We first separate the reference documents from the virgin document:
then fit the model using the reference documents
ws <- classic.wordscores(ref, scores=seq(-1.5, 1.5, by=0.75))
We can summarise the results
summary(ws)
## Call:
## classic.wordscores(wfm = ref, scores = seq(-1.5, 1.5, by = 0.75))
##
## Reference Document Statistics:
##
## Total Min Max Mean Median Score
## R1 1000 0 158 27 0 -1.50
## R2 1000 0 158 27 0 -0.75
## R3 1000 0 158 27 0 0.00
## R4 1000 0 158 27 0 0.75
## R5 1000 0 158 27 0 1.50
The summary presents details about the reference documents. If we want to see the wordscores that were generated we look for the model’s coefficients
coef(ws)
## Score
## A -1.5000000
## B -1.5000000
## C -1.5000000
## D -1.5000000
## E -1.5000000
## F -1.4812500
## G -1.4809322
## H -1.4519231
## I -1.4083333
## J -1.3232984
## K -1.1846154
## L -1.0369898
## M -0.8805970
## N -0.7500000
## O -0.6194030
## P -0.4507576
## Q -0.2992424
## R -0.1305970
## S 0.0000000
## T 0.1305970
## U 0.2992424
## V 0.4507576
## W 0.6194030
## X 0.7500000
## Y 0.8805970
## Z 1.0369898
## ZA 1.1846154
## ZB 1.3232984
## ZC 1.4083333
## ZD 1.4519231
## ZE 1.4809322
## ZF 1.4812500
## ZG 1.5000000
## ZH 1.5000000
## ZI 1.5000000
## ZJ 1.5000000
## ZK 1.5000000
which can also be plotted.
We can now get a position for the virgin document
predict(ws, newdata=vir)
## 37 of 37 words (100%) are scorable
##
## Score Std. Err. Rescaled Lower Upper
## V1 -0.448 0.0119 -0.448 -0.459 -0.437
When more than one document is to be predicted, an ad-hoc procedure is applied by default to the predicted positions to rescale them to the same variance as the reference scores. This may or may not be what you want.

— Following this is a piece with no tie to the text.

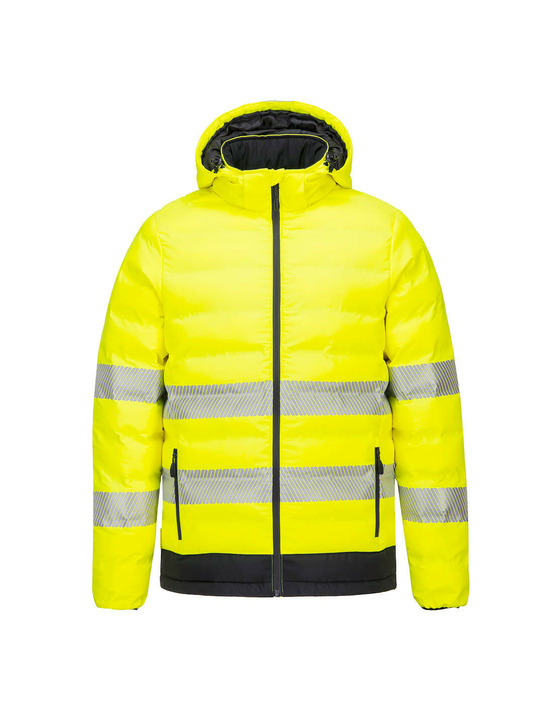 Doudoune chauffante haute visibilité par ultrasons couleur : jaune/noir taille xl - portwest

Wordscores approximates correspondence analysis, which is defined for more than one dimension. To explore this approach to document scaling you may find the ca
or anacor
packages useful. A rather limited subset of correspondence analysis is implemented by the MASS package’s corresp
function.
Laver, Michael, and John Garry. 2000. “Estimating Policy Positions from Political Texts.” American Journal of Political Science 44(3): 619–34.
Lowe, Will. 2008. “Understanding Wordscores.” Political Analysis 16(4): 356–71.
Lowe, Will. 2013. “There’s (basically) Only One Way to Do It.” Paper presented at APSA 2013, Chicago IL. Available at SSRN.
Monroe, Burt L., and Ko Maeda. 2004. “Talk’s Cheap: Text-Based Estimation of Rhetorical Ideal-Points.”
Moustaki, Irini, and Martin Knott. 2000. “Generalized Latent Trait Models.” Psychometrika 65(3): 391–411.
Slapin, Jonathan B., and Sven-Oliver Proksch. 2008. “A Scaling Model for Estimating Time-Series Party Positions from Texts.” American Journal of Political Science 52(3): 705–22.